**WHAT YOU NEED TO DO**: Transcribe the listing below exactly, leaving out each image.

**AVAILABLE RECORDS**:

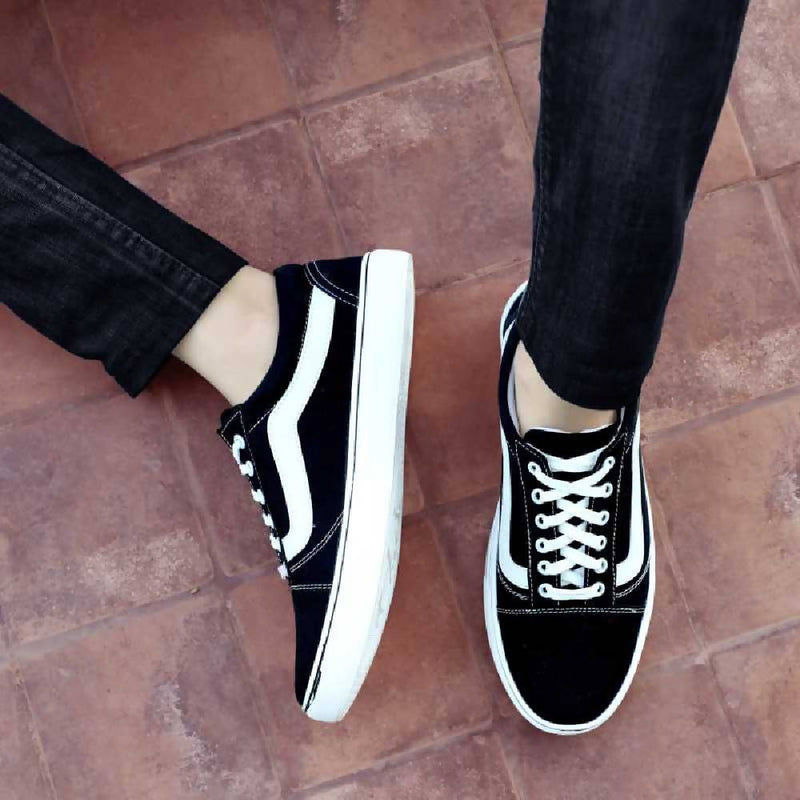 Casual Black Stylish Sneaker For Men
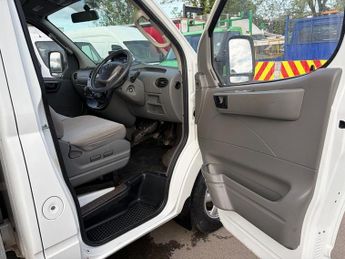 LDV v80 LDV V80 CURTIAN SIDER WITH AIRCON. 6,950 NO VAT
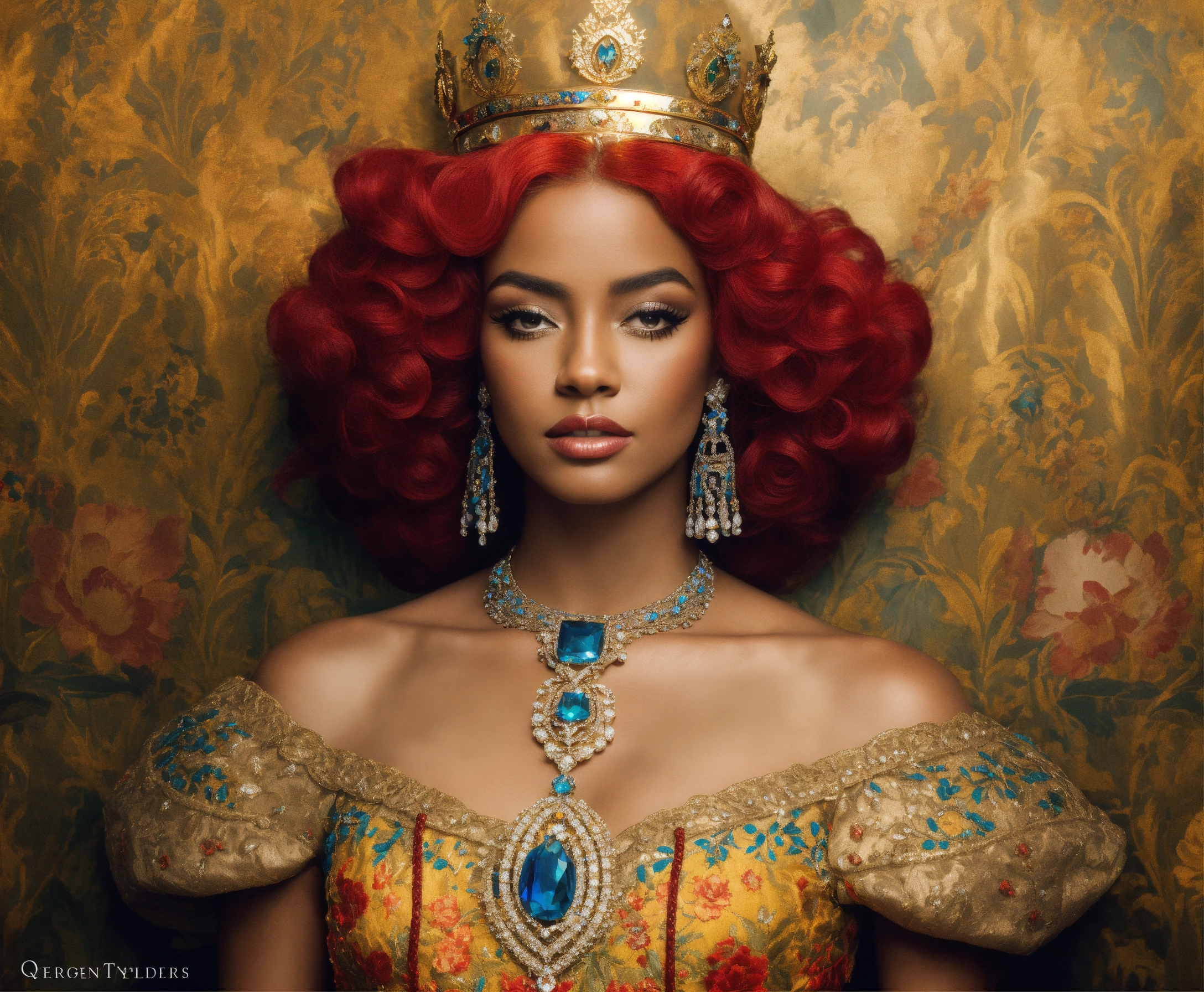 Lexica - Take photos of different queens in reference style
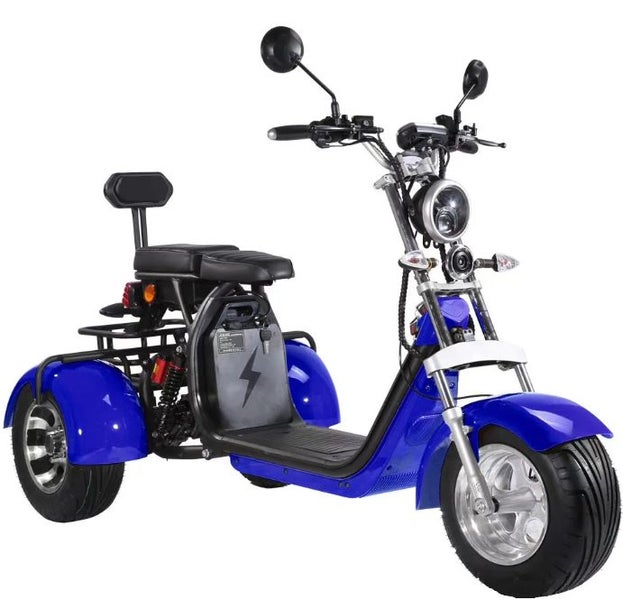 Golf Scooter GTi Carousel 1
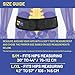 Everyday Medical SI Belt - Sacroiliac Joint Belt for Men and Women I Hip Support Brace - Support and Alleviate Si Joint, Pelvis, Sacral, Sacrum, Hip and Sciatica Pain and Discomfort - Small/Medium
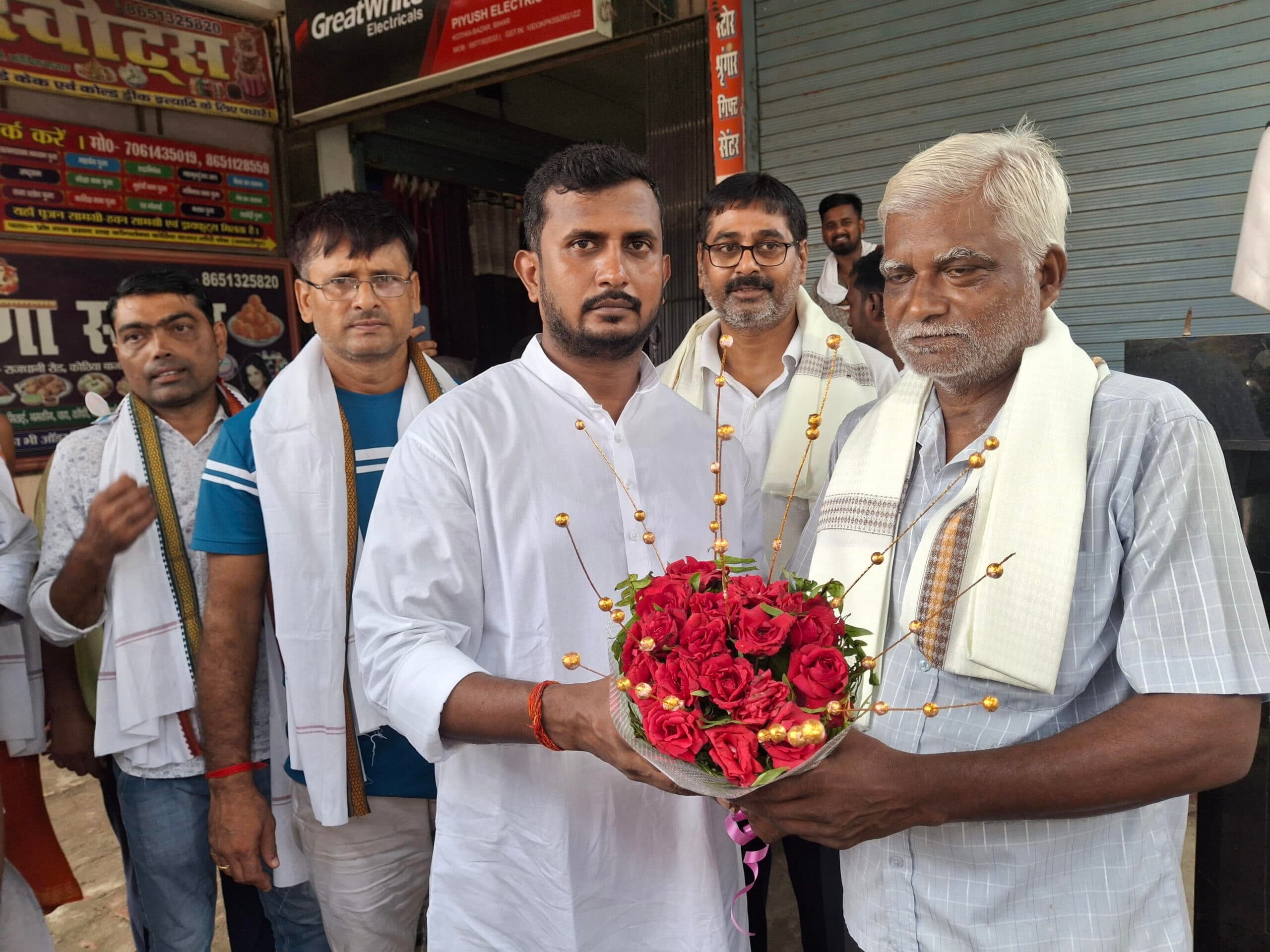 Samastipur News:दर्जनों लोगों ने थामा जदयू का दामन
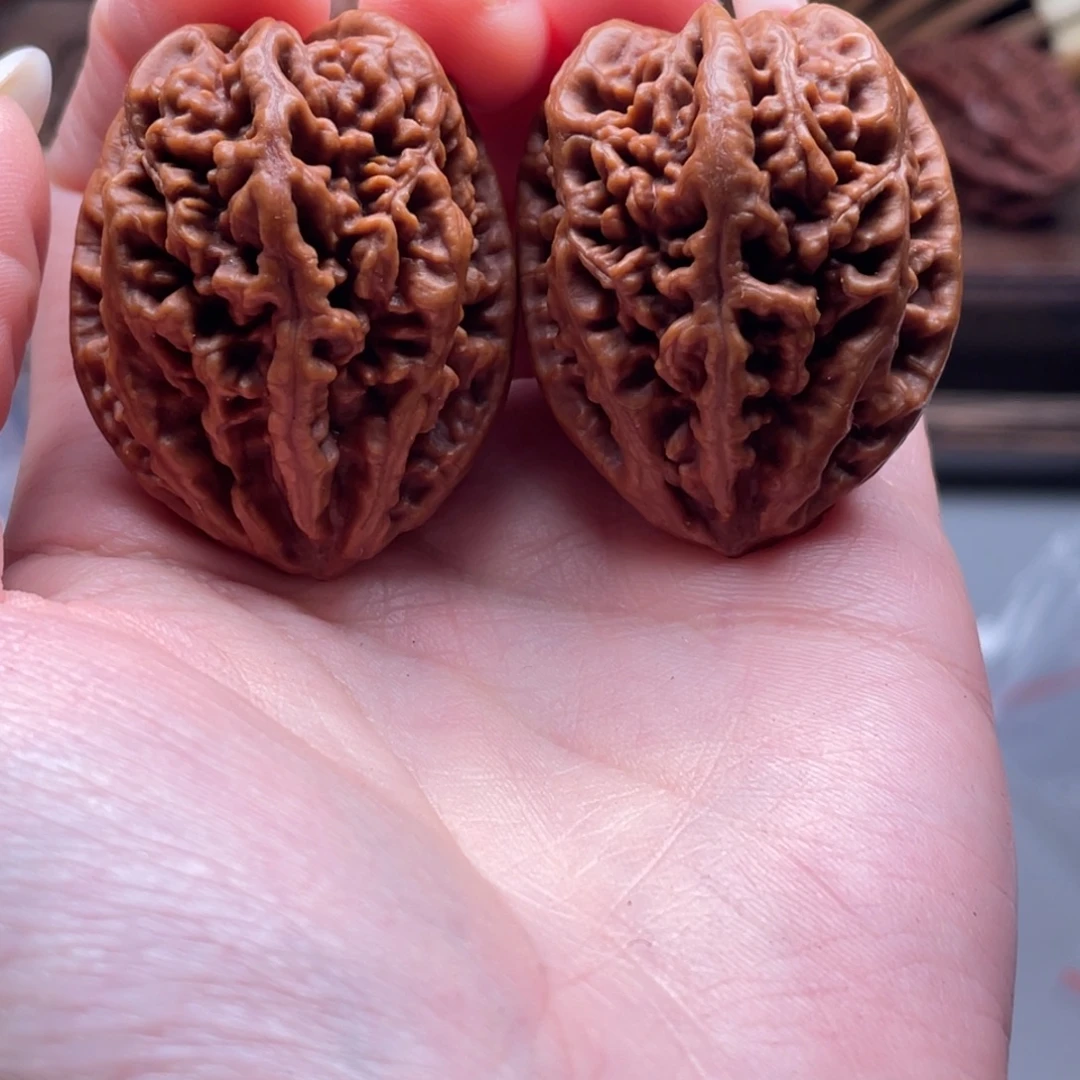 p***l把件文玩核桃楸刀鱼14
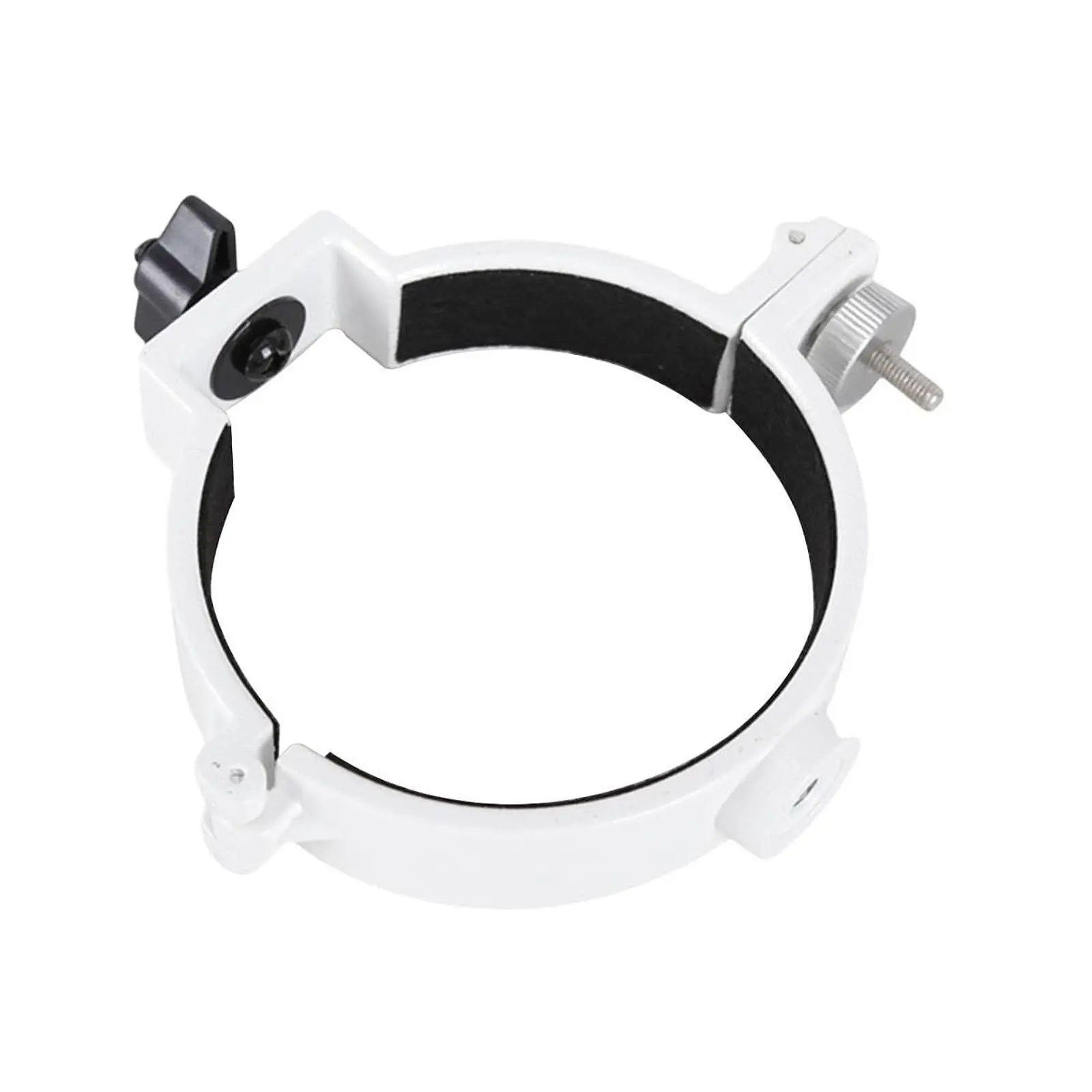 2 Pieces Telescope Tube Rings Compact Astronomical Telescope Accessories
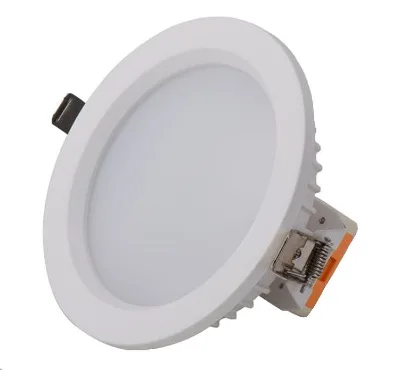YUEFA 12W RGB IP44 White Housing Office Ceiling Lighting LED Down Light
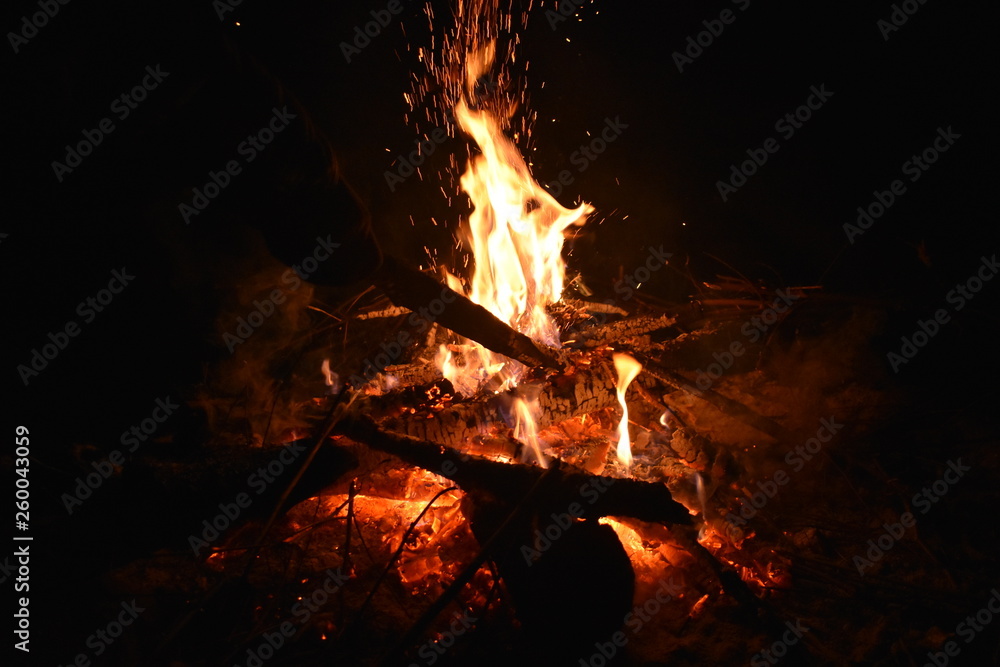 Fototapeta premium fire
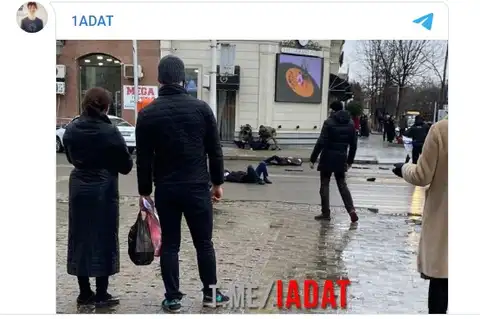 Стрельба в центре Грозного: погибли двое полицейских (видео)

**OUTPUT OF THE TASK**:
 Casual Black Stylish Sneaker For Men
 LDV v80 LDV V80 CURTIAN SIDER WITH AIRCON. 6,950 NO VAT
 Lexica - Take photos of different queens in reference style
 Golf Scooter GTi Carousel 1
 Everyday Medical SI Belt - Sacroiliac Joint Belt for Men and Women I Hip Support Brace - Support and Alleviate Si Joint, Pelvis, Sacral, Sacrum, Hip and Sciatica Pain and Discomfort - Small/Medium
 Samastipur News:दर्जनों लोगों ने थामा जदयू का दामन
 p***l把件文玩核桃楸刀鱼14
 2 Pieces Telescope Tube Rings Compact Astronomical Telescope Accessories
YUEFA 12W RGB IP44 White Housing Office Ceiling Lighting LED Down Light
 Fototapeta premium fire
 Стрельба в центре Грозного: погибли двое полицейских (видео)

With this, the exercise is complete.